The glory is absent, the suffering is absent, and the hope is absent. Dynamic faith is absent. Faith has become somehow a formula, a genie lamp that we rub to obtain Cadillacs or other things that pertain to our personal benefit. Our faith is lost in the sense of being apostolically understood as a mode of life, a radical clinging to God, an utter trust, a dynamic. In that sense, hope is lost, and love is lost, or perhaps it has never been known in the sense of being self-sacrificing, utterly giving, and unconditional. The knowledge of the resurrection life is lost as well. The doctrine remains, but the experiential knowledge of the resurrection life has been lost, or it has never been known. My prayer for this seminar is that you will not only hear me speaking on these things, but that you will see the very demonstration of them. It is very clear to me, as I sense what God wants to set before you in the short time that we have together, that the only way it can conceivably be done is by the His resurrection life, by His wisdom in that life, and by the dynamic and the power of that life. We have really forfeited the doctrine of the resurrection, except that we are actually living in it.

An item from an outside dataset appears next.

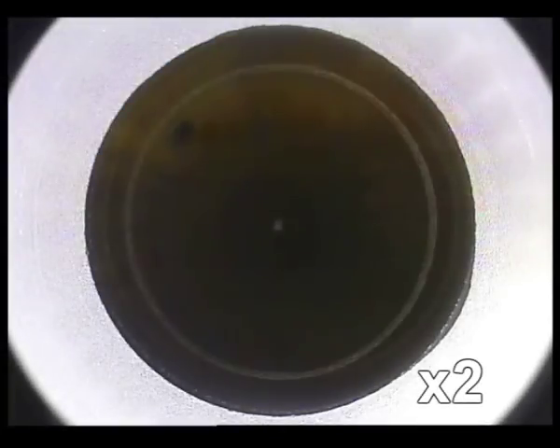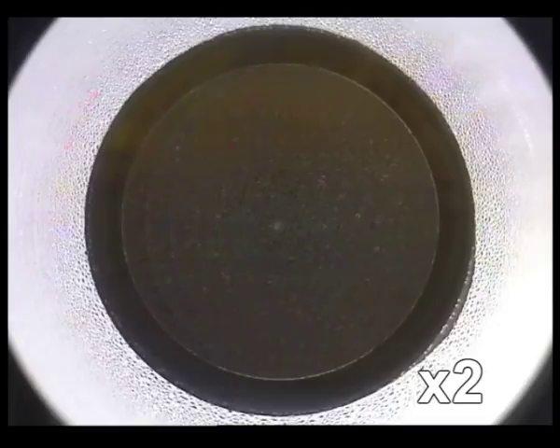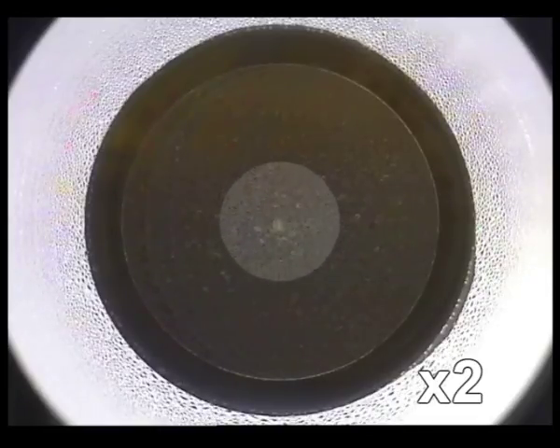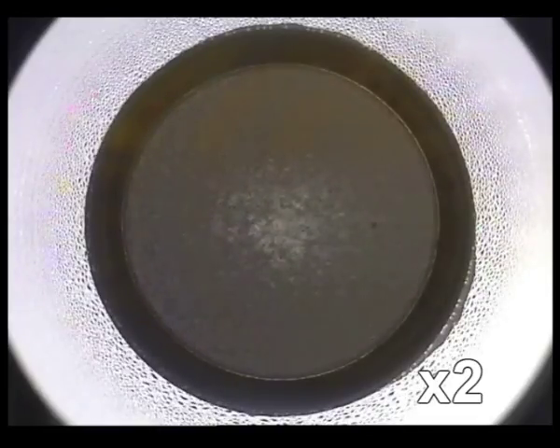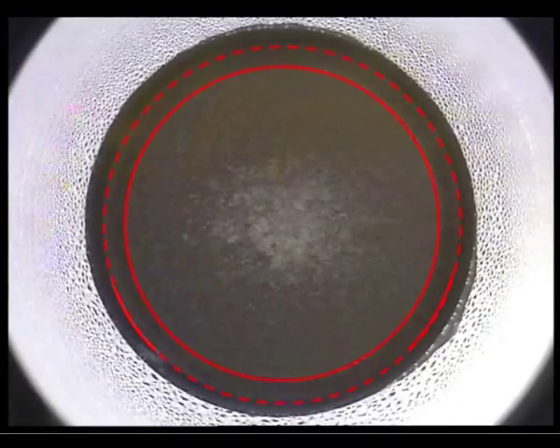RELEX SMILE is a keyhole form of keratomileusis, essentially a flapless LASIK procedure. A high-precision femtosecond laser is used to cut a three-dimensional refractive lenticule within the body of the stroma, which is then linked to the corneal surface by a 2 mm tunnel incision.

It is interesting that these were the central things to which the Anabaptists, the radically reformed wing of the Reformation, were persecuted—for their belief in the incarnate life of Christ in the body of Christ, that they should say with Paul, for us “to live is Christ.” This was considered scandalous in the years of Catholics and Reformers who burned them at the stake, and those religious establishments were all the more persuaded that these heretics must be of the devil, because they had the joy and the glory of God, even in the moment of their martyrdom. They showed forth a demonstration of the life of God, which was so unknown by conventional religionists of their generation that the very demonstration of that life was proof to those who persecuted and killed them that they were in heresy.

Apart from a demonstration of this life of Christ, they would have been just as gray, just as lack-luster, just as unbelieving, just as cynical, just as full of self-apology as those who persecuted them. The prevailing mentality of the reformed Church, whether Lutheran, Zwingli, or Calvinistic was, “I’m only a sinner saved by grace. God knows I’m only human.” There is no expectation for perfection; there is no expectation for obtaining Christ-likeness, or the character of God. Those who made such profession and believed that there was a way that it could be obtained by union with Him in baptism were considered so heretical as to be destroyed.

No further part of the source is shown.